Climate change talks not just about money, but also solidarity: UN expertListen /
World governments are being urged to see beyond the cost of climate change in terms of money, and to adopt a strong commitment to international solidarity as a key element towards a successful round of UN climate change talks opening next week in Doha, Qatar.
The call comes from UN Independent Expert Virginia Dandan.
Charles Appel reports.
Representatives from 194 countries begin meeting in Doha from Monday, November 26 to December 7 to try, among other issues, to extend the Kyoto Protocol, the existing plan for curbing greenhouse gas emissions by developed nations which expires at the end of 2012.
UN Independent Expert Virginia Dandan who is charged by the UN Human Rights Council to study the issue of international solidarity warns that "the costs of climate change to humanity cannot be covered only by accomplishing the commitments in finance for adaptation and mitigation."
She says "the international community must be prepared to give much more than money."
Ms.

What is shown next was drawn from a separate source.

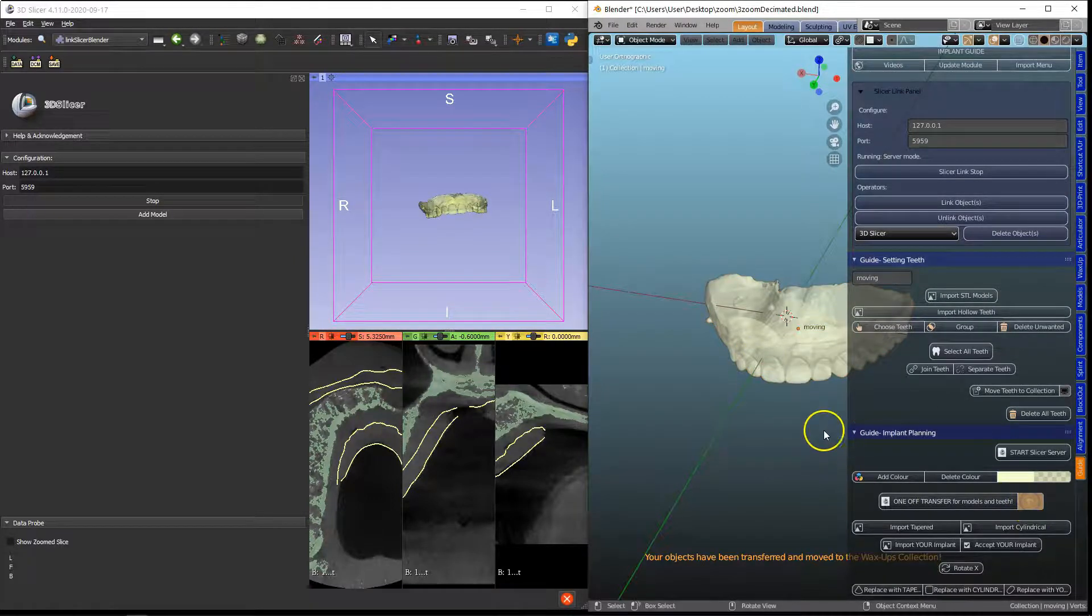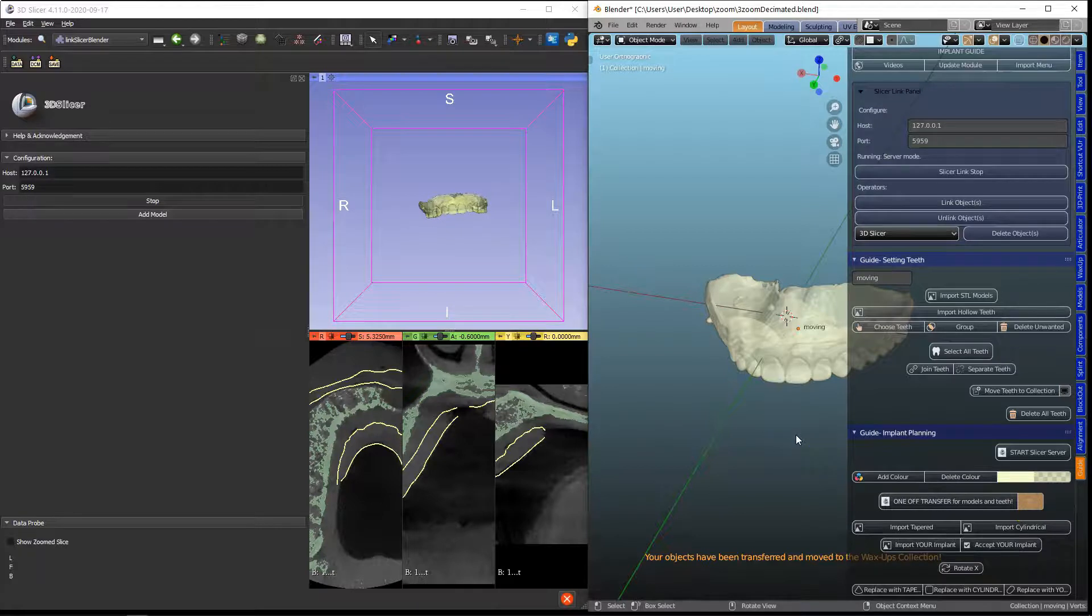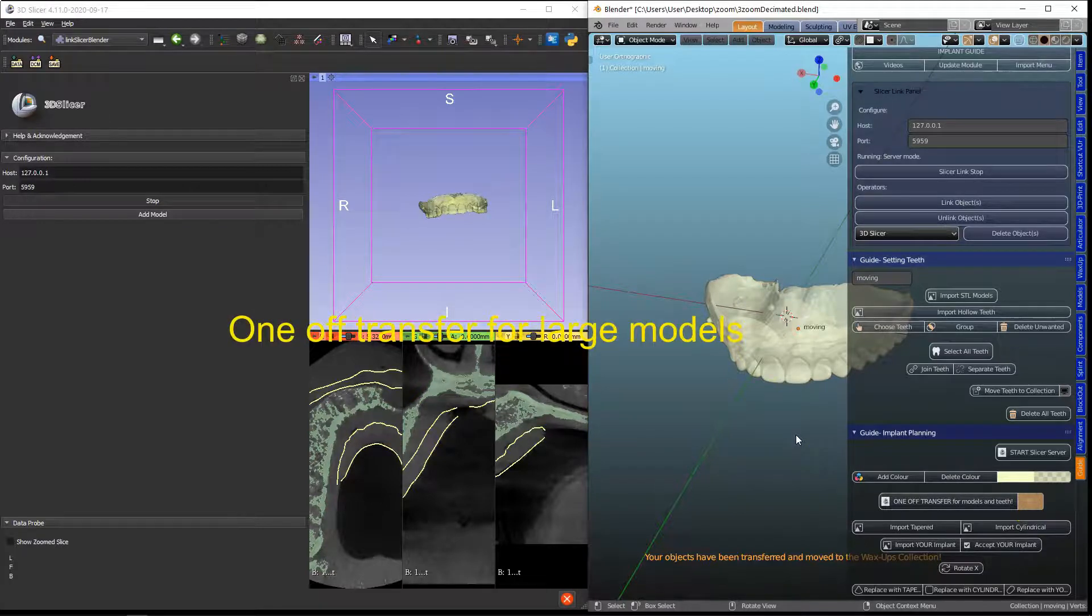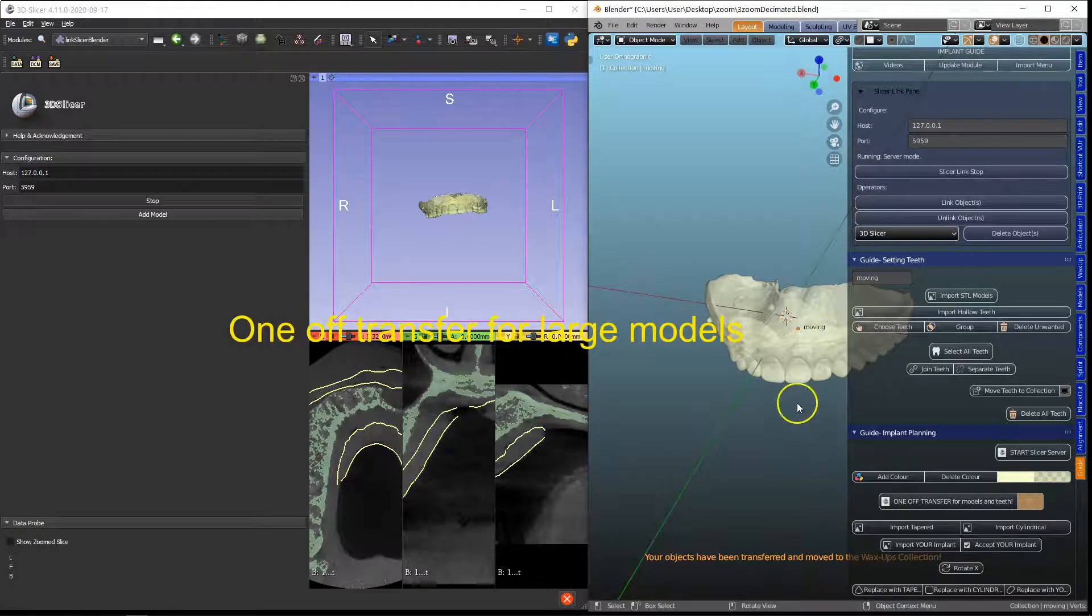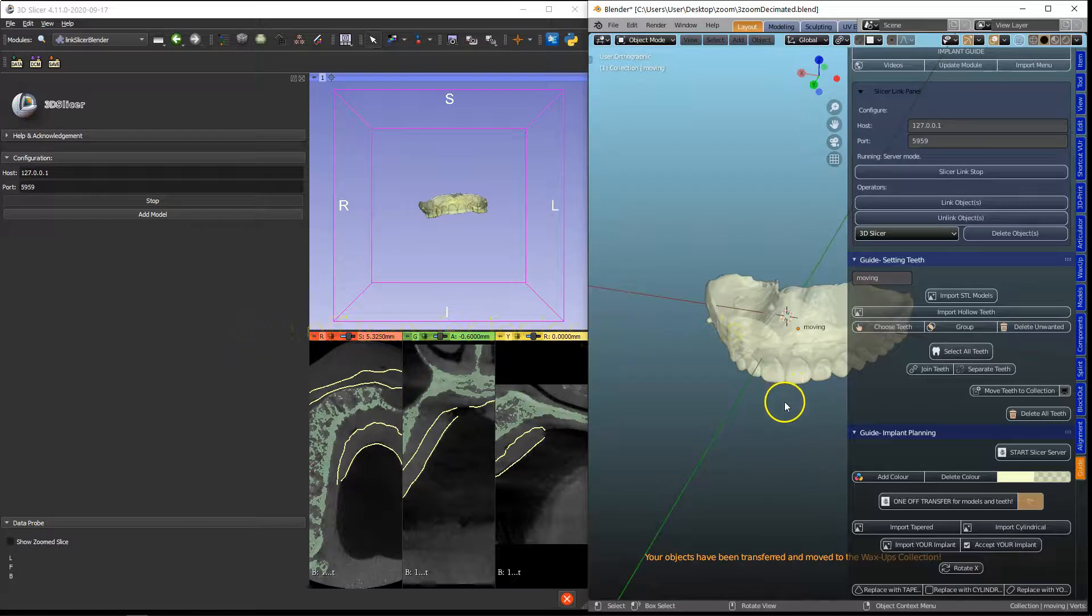The reason why this is the way it is, is because it's a one-off transfer and we don't want to keep on transferring it.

Dandan suggests that "International solidarity can be the bridge to support nations affected by impacts of climate change, whether rich or poor".
She argues that "International solidarity on climate change is key to help building a global constituency for more equitable arrangements for climate change, particularly on investments, finance, aid, debt, technology transfer, intellectual property, migration, environment and the global partnership for development."
The UN Independent Expert also called upon developed countries not to back down from their longstanding commitments, and at the same time, asked those new polluters to do their part in the process.